DATA UNDER STUDY>
----

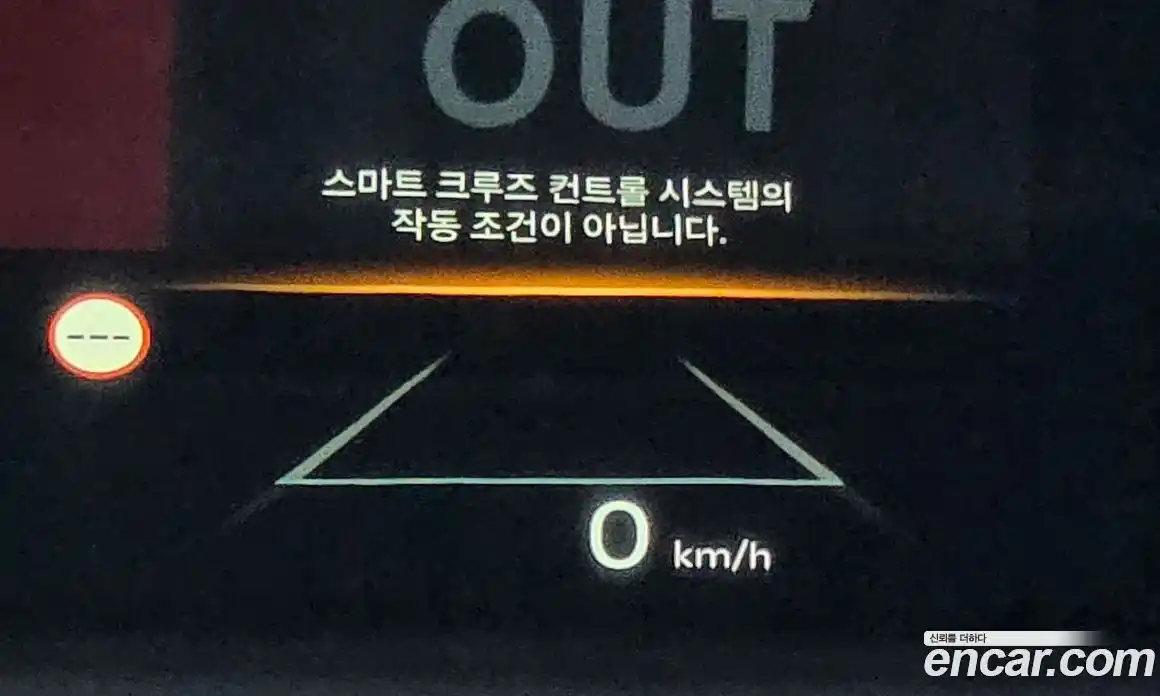 Kia K8 2025 1.6 Автомат в Москве № 123966, фото 18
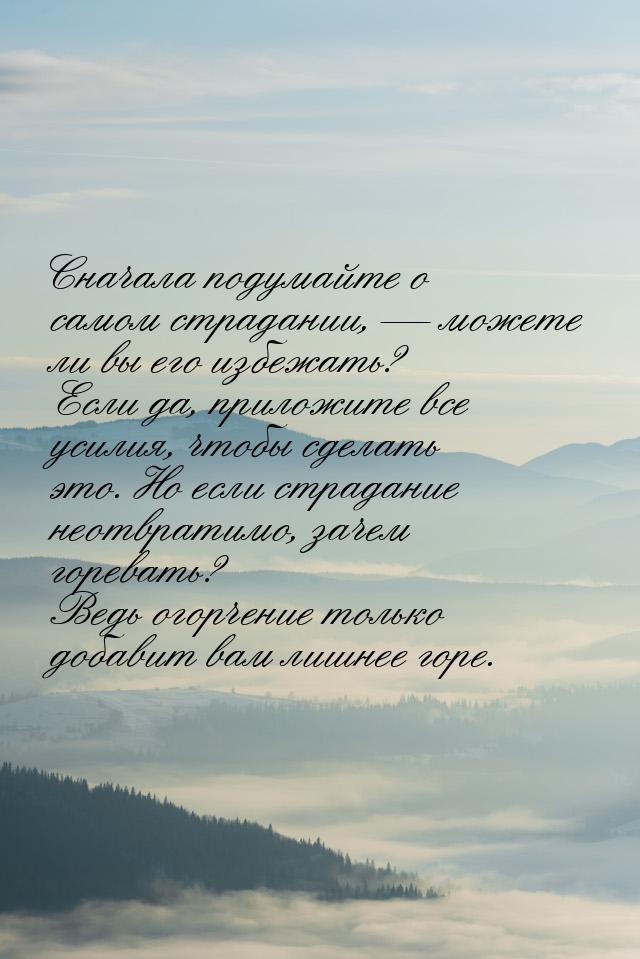 Сначала подумайте о самом страдании,  можете ли вы его избежать? Если да, приложите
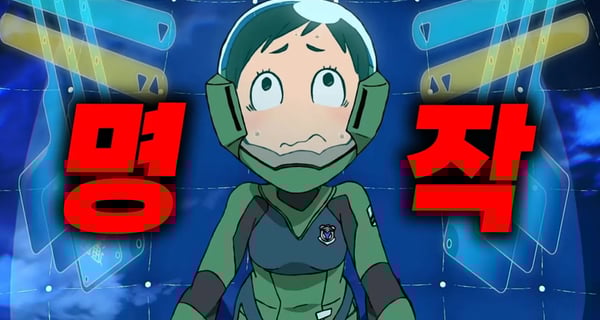 🔥🔥드래곤에게 먹힌 여자의 숨겨진 진실 🔥🔥일본 전역을 뒤 흔든 감동적인 애니메이션🔥🔥(애니리뷰)(결말포함)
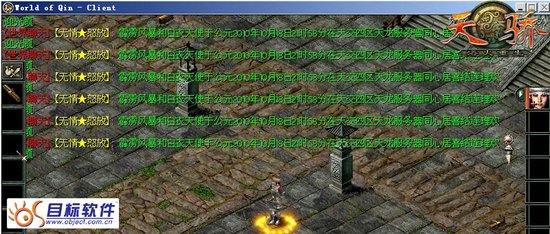 新天骄喜事不断 金秋浪漫婚礼实录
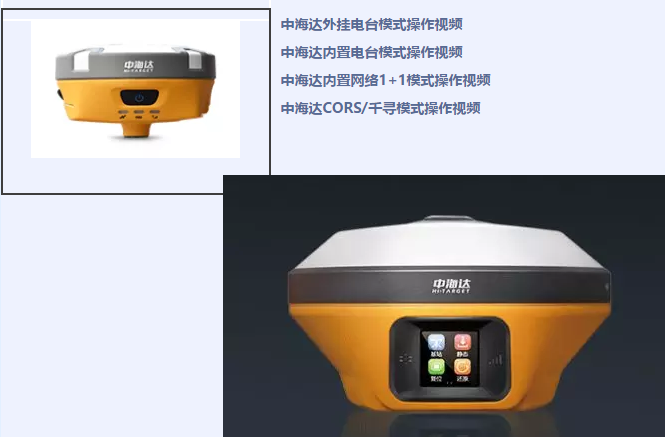 中海達、北斗海達、華星三系列RTK全站儀各類操作教程視頻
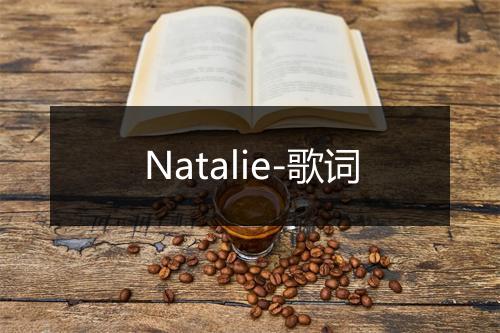 Natalie-歌词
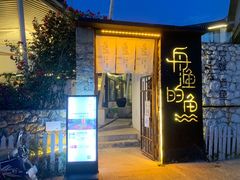 门面-大理老字号·舟渔的鱼野生菌海景餐厅(双廊店)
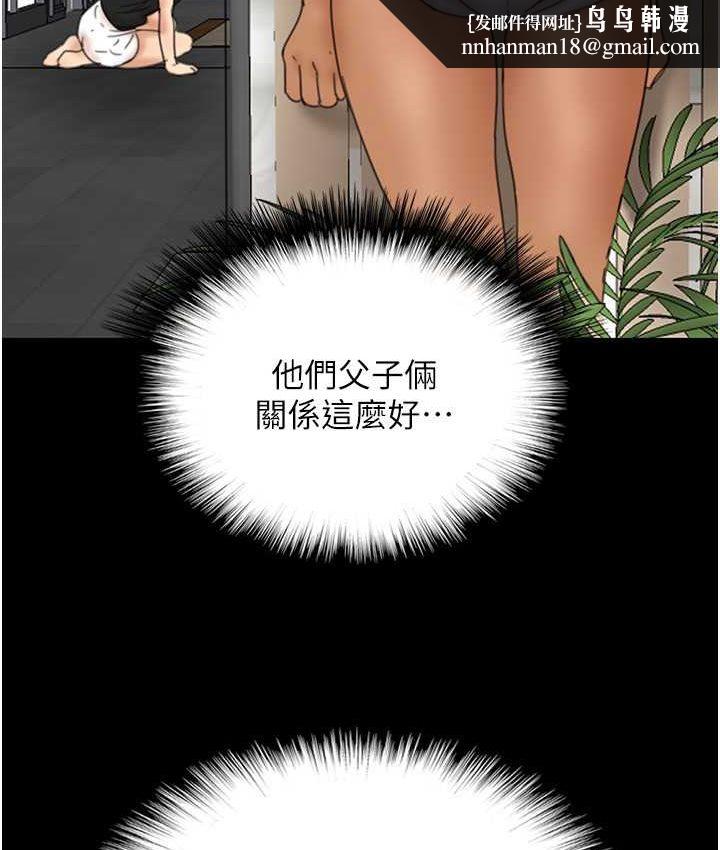 养父的女儿们第29話-莫妮卡的脅迫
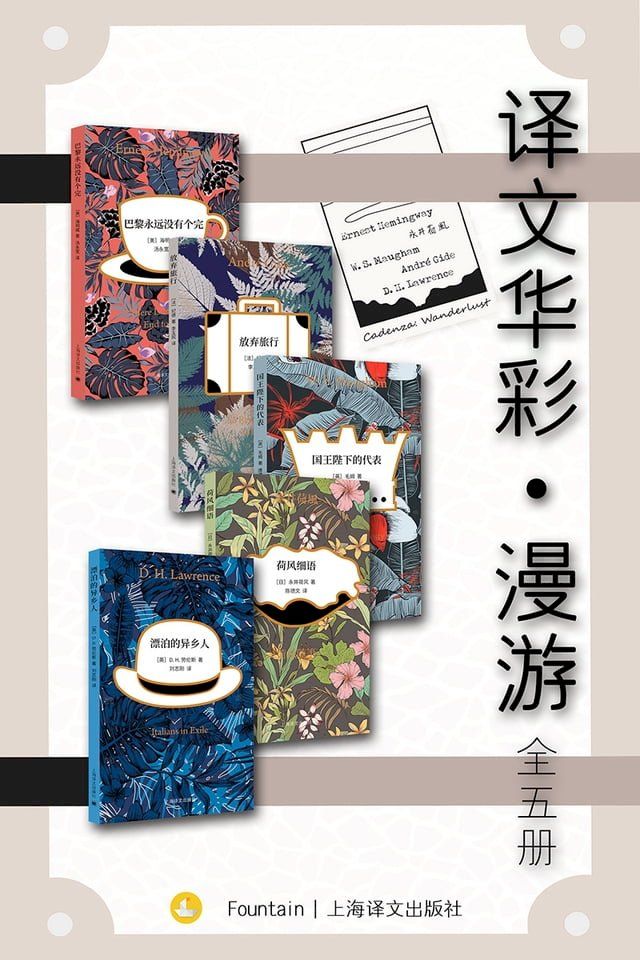  译文华彩·漫游（全5册）(Kobo/電子書)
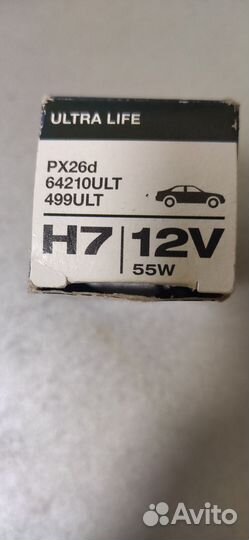 Автомобильная лампа osram H7 Ultra life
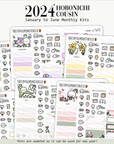 2024 Hobonichi Cousin Monthly Kits - Part 1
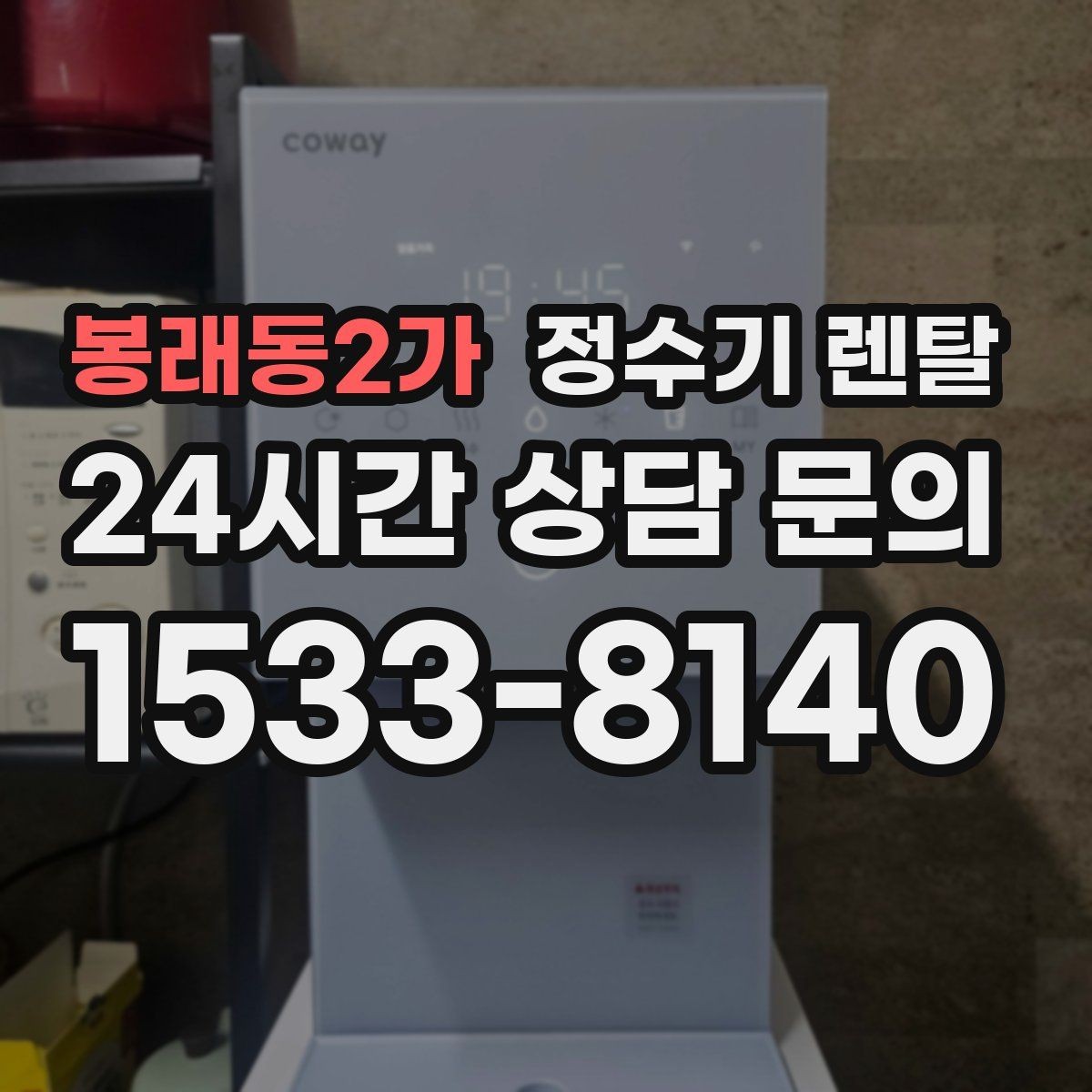 봉래동2가 정수기 렌탈 설치 기사 방문 전에 하부장 정리해야 하는 이유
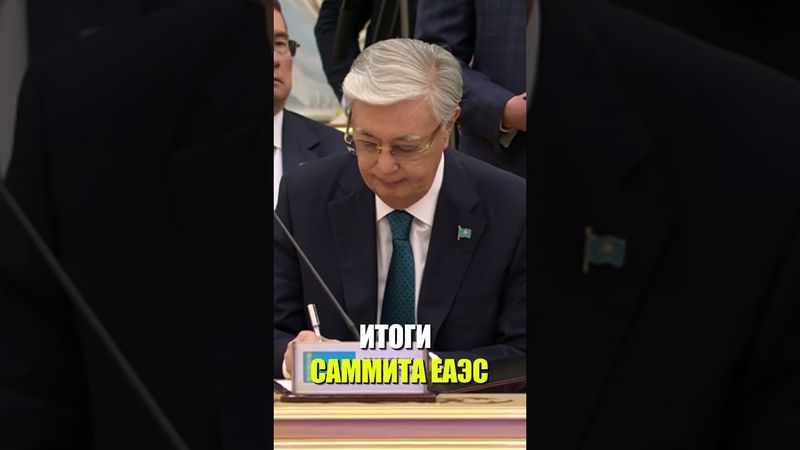 Лукашенко подвел итоги саммита ЕАЭС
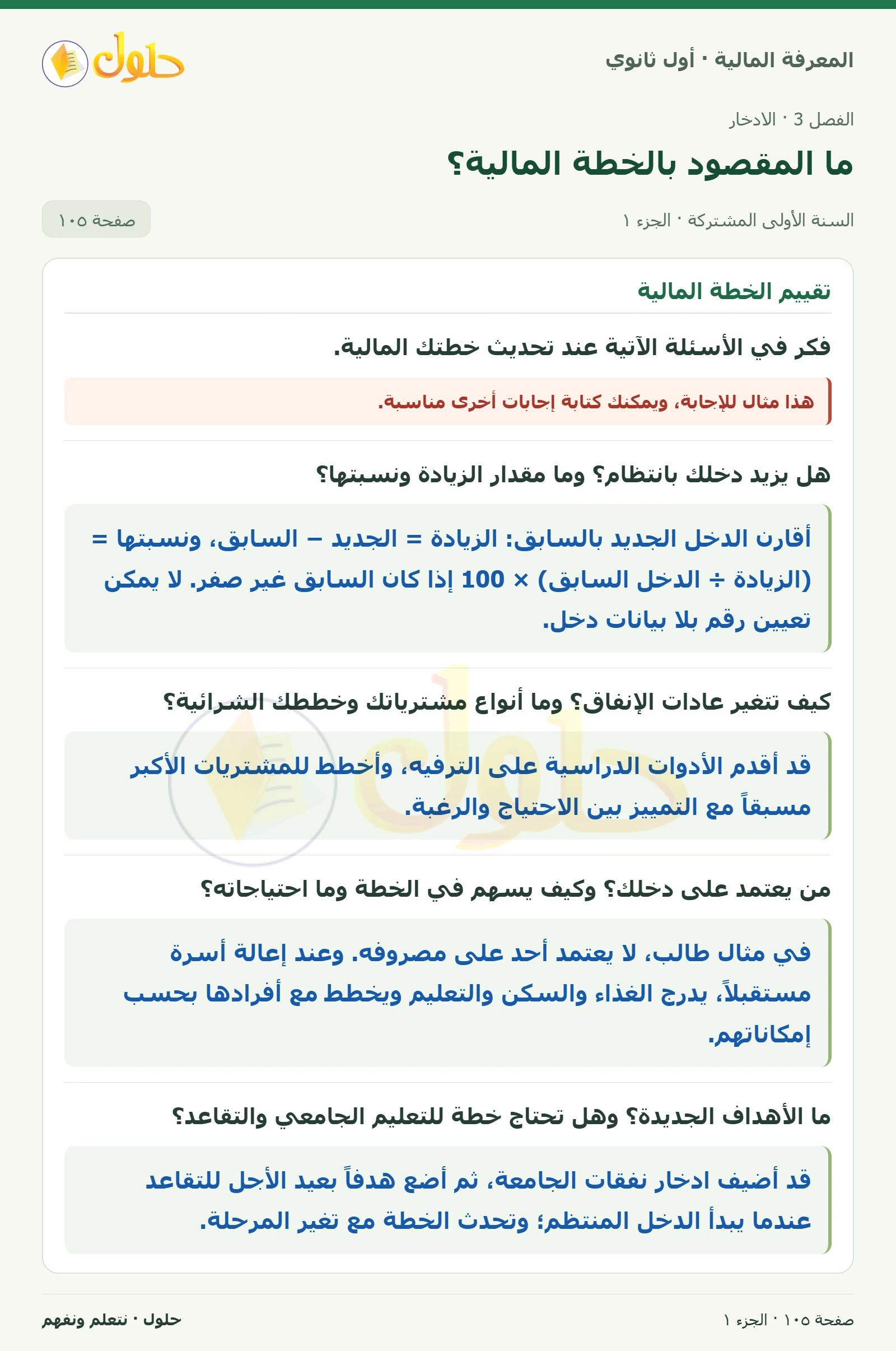 تقييم الخطة المالية · أسئلة المراجعة في كتاب المعرفة المالية للصف الأول الثانوي صفحة ١٠٥، الجزء ١ من ٣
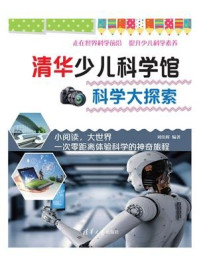 《清华少儿科学馆:科学大探索》-刘佳辉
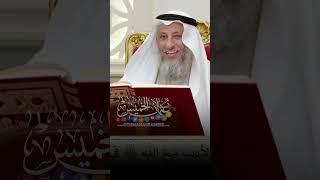 الأدب مع الله عز وجل - الشيخ عثمان الخميس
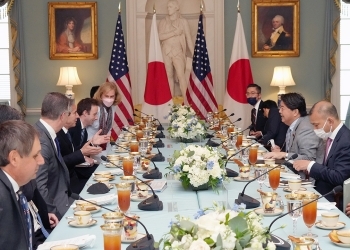 The state of Japan-U.S. Foreign Ministers' Meeting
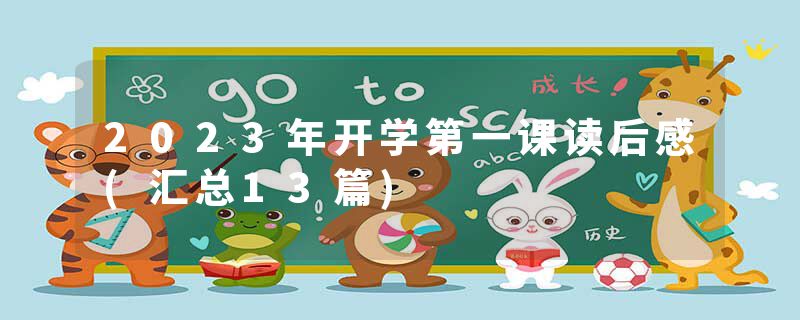 2023年开学第一课读后感(汇总13篇)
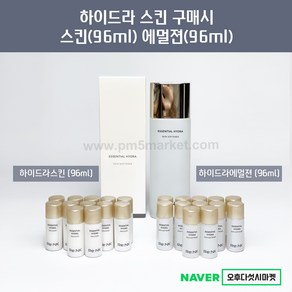 [리엔케이] 하이드라 스킨, 1개, 96ml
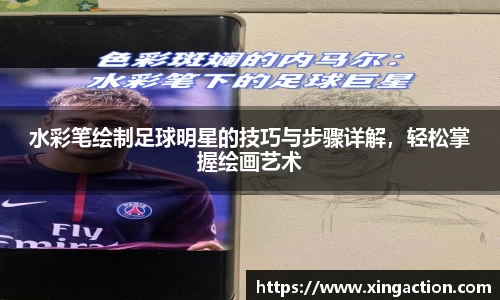 水彩笔绘制足球明星的技巧与步骤详解，轻松掌握绘画艺术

----

PROMPT> Nothing but the lines from the one holding "봉래동2가 정수기 렌탈 설치 기사 방문 전에 하부장 정리해야 하는 이유" through the final line of the records above belongs in the answer, each retyped exactly; omit the pictures.

RESPONSE TO THE TASK>
 봉래동2가 정수기 렌탈 설치 기사 방문 전에 하부장 정리해야 하는 이유
 Лукашенко подвел итоги саммита ЕАЭС
 تقييم الخطة المالية · أسئلة المراجعة في كتاب المعرفة المالية للصف الأول الثانوي صفحة ١٠٥، الجزء ١ من ٣
 《清华少儿科学馆:科学大探索》-刘佳辉
 الأدب مع الله عز وجل - الشيخ عثمان الخميس
 The state of Japan-U.S. Foreign Ministers' Meeting
 2023年开学第一课读后感(汇总13篇)
 [리엔케이] 하이드라 스킨, 1개, 96ml
 水彩笔绘制足球明星的技巧与步骤详解，轻松掌握绘画艺术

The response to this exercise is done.